I recall telling friends how much I admired people who’d shown sufficient determination to write a novel. I’d written hundreds of articles, as well as the poetry, so I knew I could write fluid prose. I set out on the first draft as an adventure to see whether I could produce a story of 80,000 words or so – whether I had the persistence to do so. That was my initial goal: simply to produce a first draft.

Did you have an initial impulse that prompted you to write the story that you chose? Did you begin with a story premise or just an image or an idea for a character…?

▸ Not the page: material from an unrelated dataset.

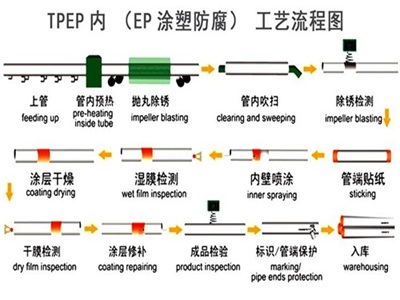 上饶TPEP防腐钢管厂家工艺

My decision to write a novel came first. I then had to decide what to write about. Having read Stephen King’s On Writing, I’d decided not to make a detailed plan. I took a few days off work and, on day one, I sat down at my desk, fountain pen in hand, and wrote a single page of notes. It was about 300 words. Rereading it now, I’d call it a rough synopsis. It contained several ideas, which carried through to what became The Sound Of Everything. Mostly, it was about the protagonist: the pickle he’s in and what he wants instead.  After writing those 300 words, I turned to a fresh page and started chapter one. Interestingly, the first sentence I wrote had nothing to do with my initial notes, yet it drew on an image I’d been carrying round in my head for a while, a location which plays a major part in the novel.

Stuart Warner
It’s interesting to me that an image was central to your beginning – as I too, often work from images and strong hunches. I’ve noticed the importance of landscape too in your novel… what role do you think a sense of place plays in your writing?

Place is very important in the novel and it has been in my poetry, too. The Sound Of Everything is set mainly in a small town on the Welsh border, though there are also a couple of hill-top scenes. Certain locations – or types of location – seem to resonate with what’s going on inside us.  For example, someone might feel the freedom of the wide-open spaces on a beach or a mountain, or a sense of being trapped by their daily routine in an urban environment.  For someone else, I guess the opposite could be true. For me, there’s some sort of interplay between what one might think of as the magic and the mundane: what we see with our eyes, what we feel inside and, perhaps, what we experience beyond the five senses. Writing about different landscapes helps me access that interplay.

Beyond the five senses – you’ve sometimes described this, I know, as ‘spiritual fiction’?

I’d say it’s a small-town mystery with a spiritual aspect – spiritual in the sense of questions we might sometimes ask ourselves, such as ‘Who am I?’, ‘What am I doing here?’ or ‘What’s the meaning of life?’ Going back to your previous question on place, while my initial 300-word outline related to the external plot, the image that came through in the first line I wrote – sentence one, paragraph one – was concerned with the protagonist’s internal exploration. It was only when I came to working with you on the second draft that I delved down deeply into that exploration – the feelings the protagonist experiences when he starts to open to that side of himself.  It was difficult to decide what Amazon genre the finished novel fitted into, but I plumped for visionary and metaphysical. Spiritual seemed to me to be too much associated with Christian fiction, whereas the novel resonates more with Eastern ways of thinking – yoga, for example.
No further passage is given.